Ten Tragedies of Education

I always find headlines outlining the failure of schools to be tragic. Not tragedy about the school, but rather that the term is so freely bandied about, while rarely addressing the myriad factors that impact student learning and school success. Here are a few real tragedies in education:
  1. Standardized testing is absolutely annihilating education. It creates an environment where we measure more than we teach. Most research supports this.
  2. Failing schools (and by extension, teachers)  are too often blamed for larger economic issues in poor communities.
  3. Special Education has become more about labels and classification than about individualization.
  4. Public school nutrition is anything but. Menus often rotate between pizza, nuggets, and hot dogs, and we wonder about childhood obesity.
  5. Public education was recently ranked 55th out of 55 sectors, based on its use of information technology…behind coal mining.
  6. The union v. politics war creates a no-win situation.
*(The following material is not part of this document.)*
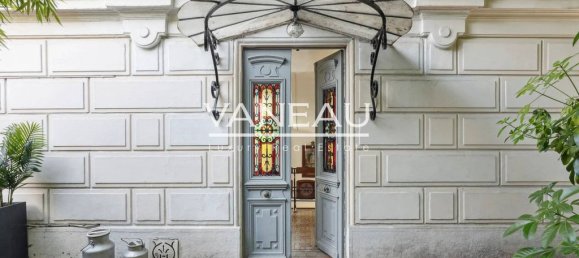 5 bedrooms House in Saint-Cloud, France No. 171026 10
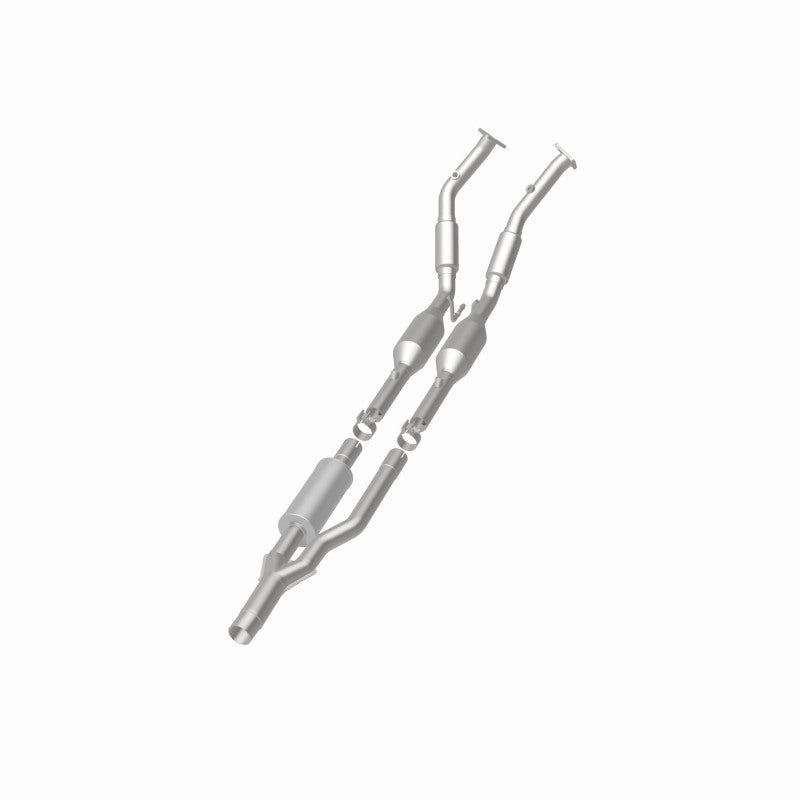 MagnaFlow HM Grade Federal / EPA Compliant Direct-Fit Catalytic Converter 24587 360 Degree Image Set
Everybody loses, especially the students.
  7. One of the top factors in school success is overall class sizes (or student/teacher ratio), yet classes have never been larger.
  8. Outdated, decrepit school buildings are not replaced because voters do not care to increase taxes.
  9. Great teaching is seldom celebrated, poor teaching is disproportionately publicized.
  10. American society does not value education in general enough for kids to think becoming educated is important.

Before we declare another school, administrator, or teacher a failure, I would suggest we take a closer look at a few of the factors that have ACTUAL, not perceived, impact in the classroom.